● TASK PROMPT
What is needed is the full set of records, word for word, with no pictures.

·····

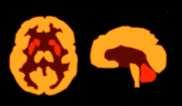 MSA FDG-PET pattern NL MSA consistent with MSA neuropathological features Degenerative changes in: Striata (putamen < caudate) Cerebellum Brainstem More advenced stages: Frontal lobes Parietal lobes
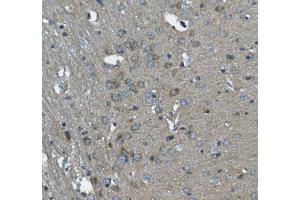 IHC analysis of SCG10/STMN2 using anti-SCG10/STMN2 antibody (ABIN7600734).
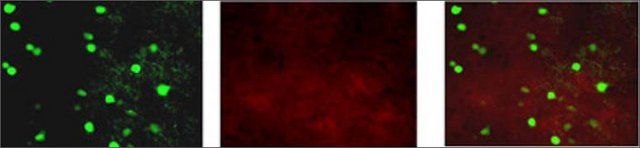 Anti-KCNAB1 antibody produced in rabbit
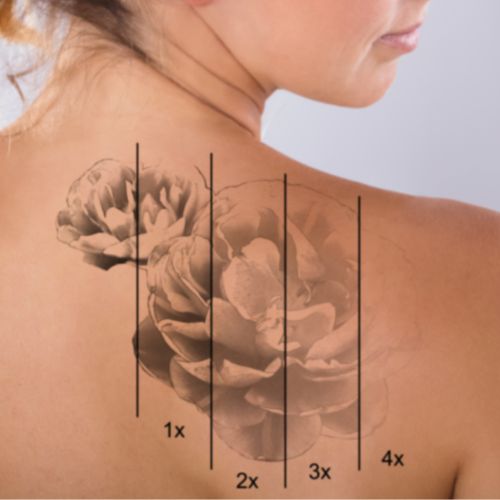 le détatouage est progressif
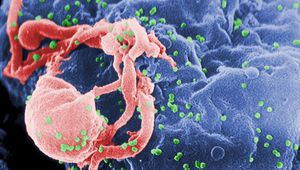 Вирусът HIV-1 под микроскоп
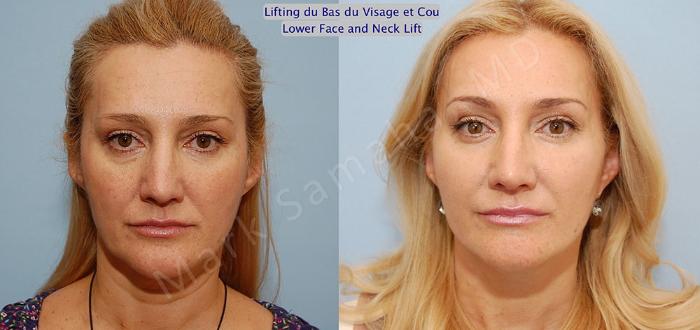 Before & After Lifting du visage / Cou - Facelift / Necklift Case 20 View #1 View in Montreal, QC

·····

● FINISHED TASK
 MSA FDG-PET pattern NL MSA consistent with MSA neuropathological features Degenerative changes in: Striata (putamen < caudate) Cerebellum Brainstem More advenced stages: Frontal lobes Parietal lobes
 IHC analysis of SCG10/STMN2 using anti-SCG10/STMN2 antibody (ABIN7600734).
 Anti-KCNAB1 antibody produced in rabbit
 le détatouage est progressif
 Вирусът HIV-1 под микроскоп
 Before & After Lifting du visage / Cou - Facelift / Necklift Case 20 View #1 View in Montreal, QC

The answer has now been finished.